“O Homem é propenso à dominação; atacamos os direitos dos
Reis absolutos e, em geral, todos desejamos ter o poder brutal do Czar da
Rússia” acabo de transcrever um parágrafo da obra Casaca Azul, que visitei já vão longe os anos 80 do século XX numa
caserna mofenta do também saudoso e
desaparecido Esquadrão de Lanceiros de Ponta Delgada enquanto cumpria o Serviço
Militar obrigatório. A obra autobiográfica de Henrique Escrich - novelista
Valenciano que viveu e morreu e se eternizou em Madrid na segunda metade do século
XIX – é constituída por um conjunto de novelas que se aproximam de ensaios de
filosofia social e politica. Perez Escrich vaticinava assim a revolução
bolchevique que viria a ocorrer 25 anos após a sua morte bem como previa o resultado
da mesma, mais absolutismo exercido por gente diferente que apenas ambicionava
os poderes de Nicolau Terceiro na senda de Pedro o Grande.
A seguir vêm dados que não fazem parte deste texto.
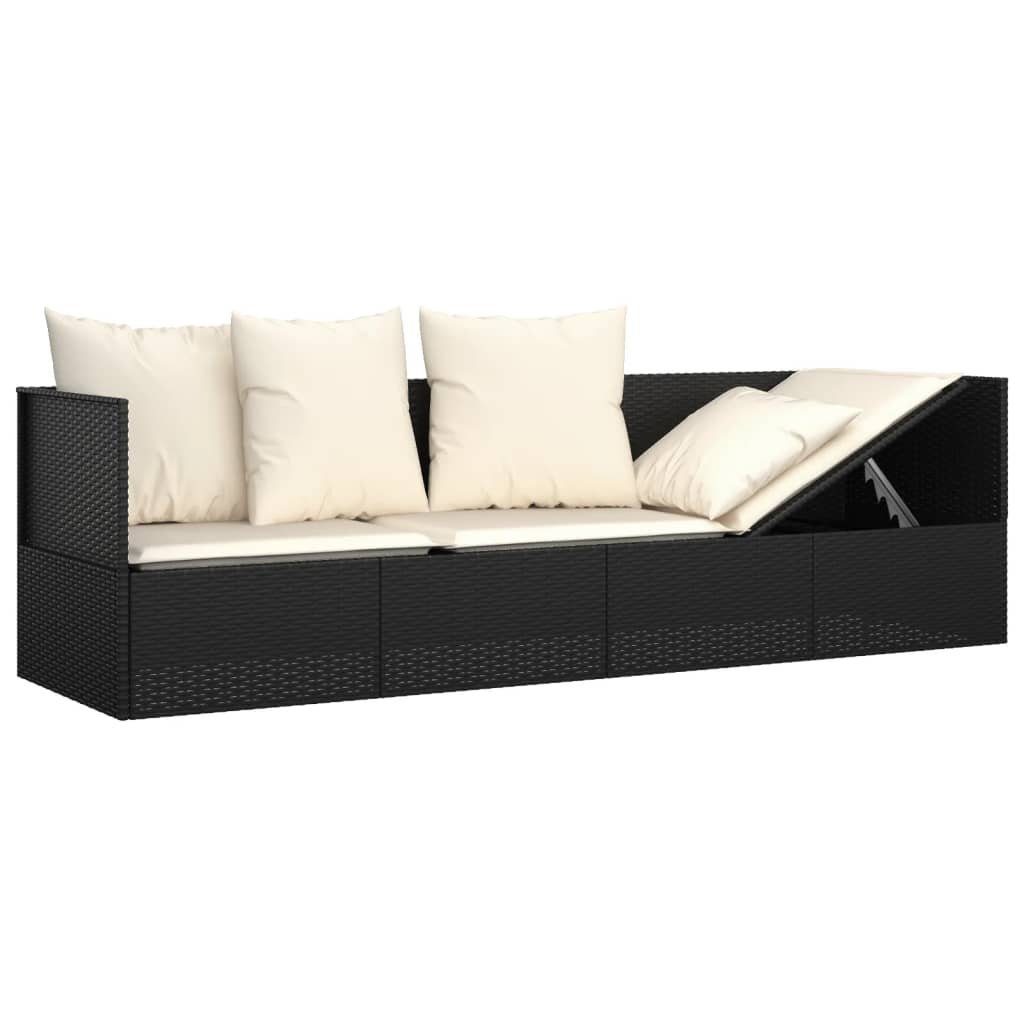 vidaXL Gartenliege Outdoor-Loungebett mit Kissen Schwarz Poly Rattan, 1 St.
Na verdade, todos os processos revolucionários do século XX
redundaram na instalação de novos regimes autoritários e sanguinários, mudaram os
déspotas mas os métodos não. A Revolução Russa redundou num processo
sanguinário e numa das mais duras autocracias de toda a história da Humanidade.
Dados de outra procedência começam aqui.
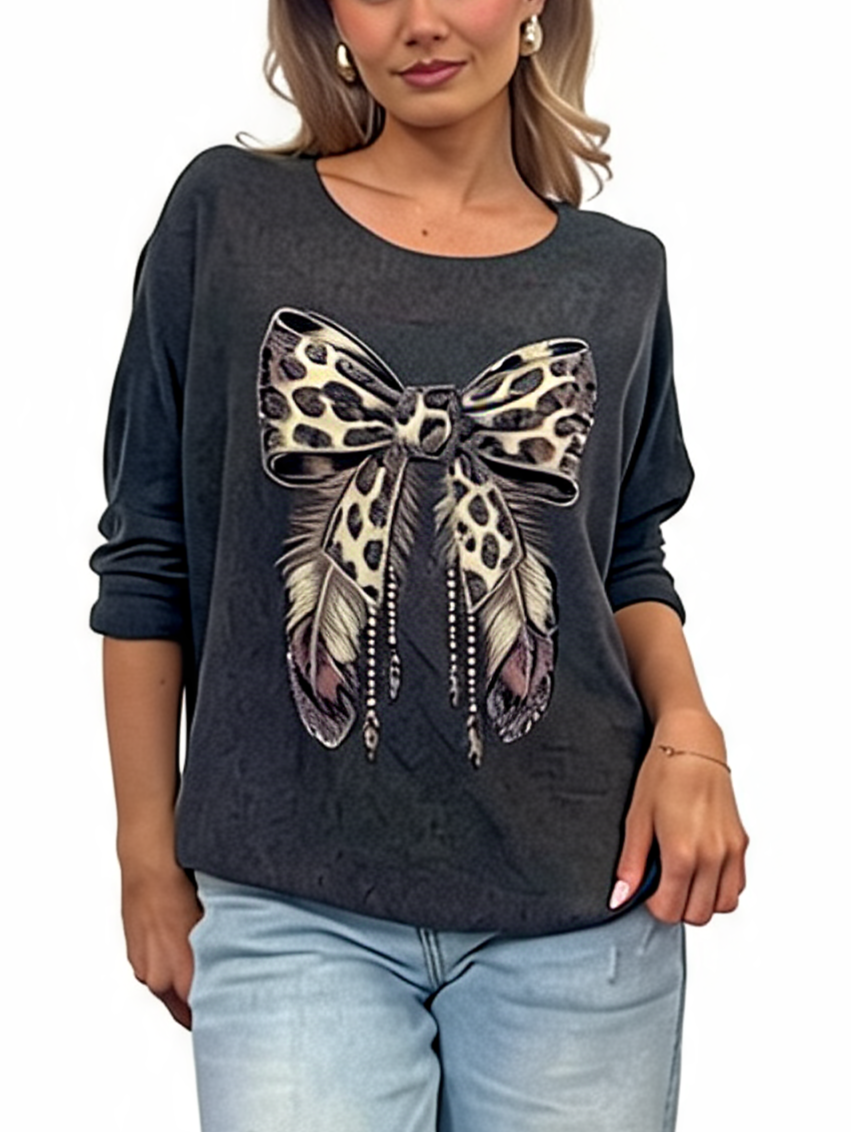 Leopard Print Bow Graphic Relaxed Batwing Sleeve Tee with Feather and Bead Detail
A pretexto do assassinato de Serguei Kirov, Estaline desencadeou a partir de
1934 uma purga, a Grande Purga, que eliminou cerca de dois terços dos quadros
do próprio Partido Comunista Soviético e cerca de cinco mil oficiais do exército
vermelho considerados opositores do regime, ao todo José Estaline liquidou mais
russos do que Hitler executou judeus e isso tudo foi só há menos de um século.
As revoluções hispano-americanas produziram ditadores, à
esquerda e à direita, que fizeram de povos livres e ricos, legiões de escravos
famintos enquanto os seus lideres e herdeiros, ainda hoje, se passeiam pelos
corredores perfumados e alcatifados das instâncias internacionais ofendendo os verdadeiros
bastiões das liberdades como se, esses sim, fossem as forças perniciosas.
Em África as coisas não se passaram de maneira diferente,
basta olharmos o nosso processo de descolonização e os seus produtos mais
diretos como Agostinho Neto e José Eduardo dos Santos isso para nos determos
apenas na maior e mais poderosa das nossas ex-colónias.
Hoje, por cá, neste
amontoado de “umbiguismos” reféns de falta de horizontes, vivemos, ou
sobrevivemos entretidos a empobrecermos, navegando num outro tipo de absolutismo. O garrote sobre o verbo, sobre a liberdade de
expressão e sobre as mais básicas liberdades individuais deixou de ser feito
com recurso a prisões e leis especificas da censura e passou a ser exercido com
jeito e malicia pelas forças ocultas do estado omnipotente e omnipresente, do
“regulamentozinho”, da “portariazinha” muitas vezes feita com interesses
enviesados e outras tantas com justificações
ad hominem que provocam a pior
das reações, a autocensura que é bem pior do que a propriamente dita ação do
lápis azul. A nova tortura é a exclusão
e a fome e aos novos revolucionários não os espera um heroico regresso num
qualquer comboio da liberdade mas só e apenas a emigração como espécie de
exilio por convite sem direito a bilhete de regresso.
In Jornal Diário dos Açores, edição de 12 de Maio de 2019.